Das führte zum Neid der früheren christlichen Eliten, die Angst um ihre Futtertröge hatten. So entstand wahrscheinlich der moderne Antisemitismus. Die gebildeten Christen verfassten antisemitische Schriften und Flugblätter, und diese wurden von vielen Leuten gelesen, darunter auch von Hitler. Dieser machte dann den Antisemitismus zum Kern seiner Politik, was während des Zweiten Weltkriegs im Völkermord an den Juden gipfelte.

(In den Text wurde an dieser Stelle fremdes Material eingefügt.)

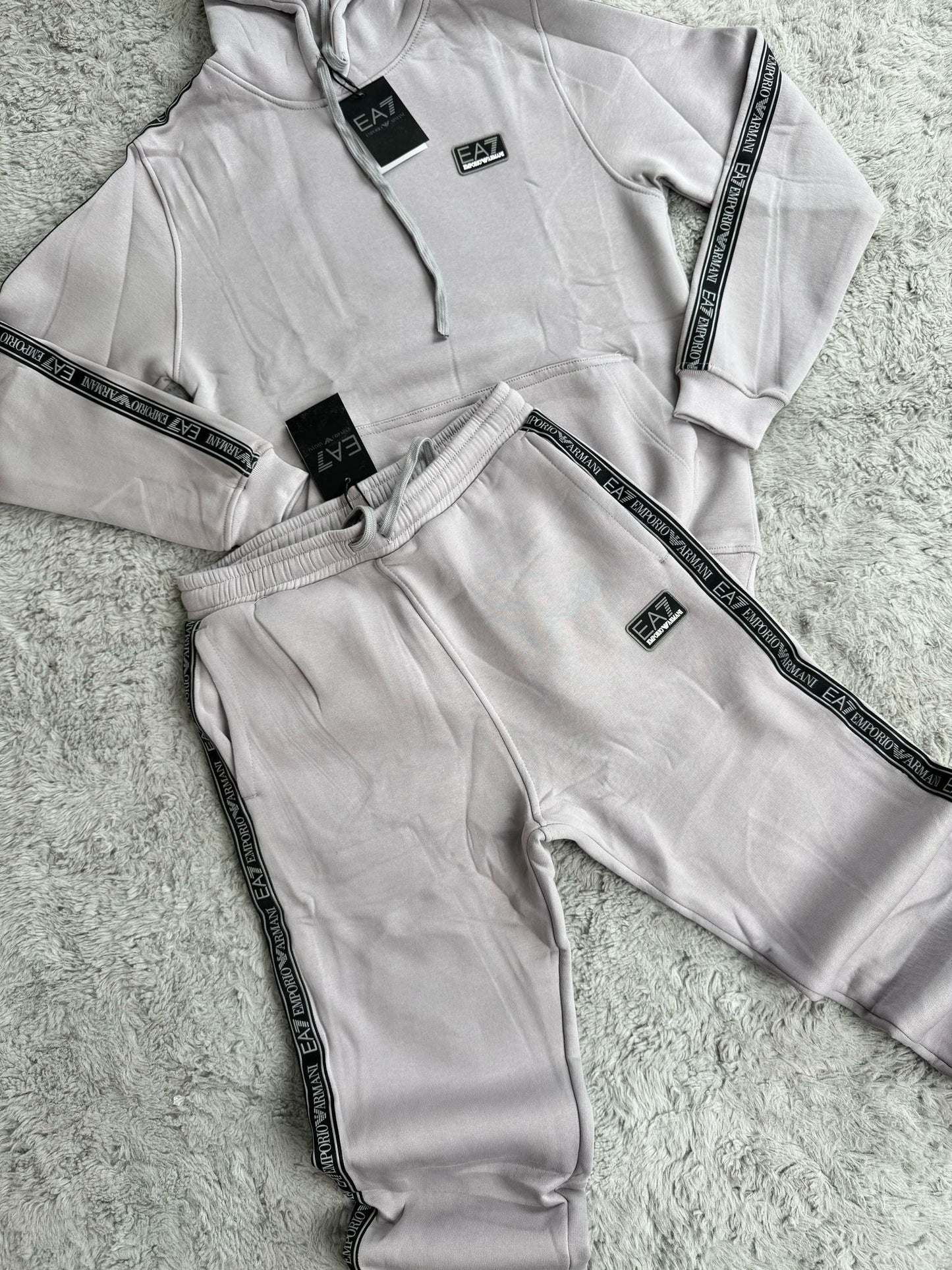 CHANDAL EMPORIO ARMANI EA7 🩶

Wenn man sich die heutigen Verhältnisse hier in Österreich ansieht, dann fühlt man sich jedenfalls in die Zeit vor dem 19. Jahrhundert zurückversetzt. An den Universitäten stellt die christliche (vor allem katholische) Elite die meisten Professoren. Nicht an jeder Fakultät - die Informatik zum Beispiel ist wahrscheinlich weltanschaulich offener als etwa die Medizin -, aber an vielen. Das Wissenschaftsministerium ist seit Jahrzehnten in Hand der katholisch-konservativen ÖVP, und diese besetzt zu vergebende Posten eben meistens mit Parteigängern. Viele Professoren sind auch im Cartellverband (CV) sozialisiert worden. Als Nicht-Christ, etwa als Atheist, hat man es, außer an einigen "fortschrittlichen" Fakultäten, im heutigen Österreich sehr schwer, eine Hochschulkarriere zu machen.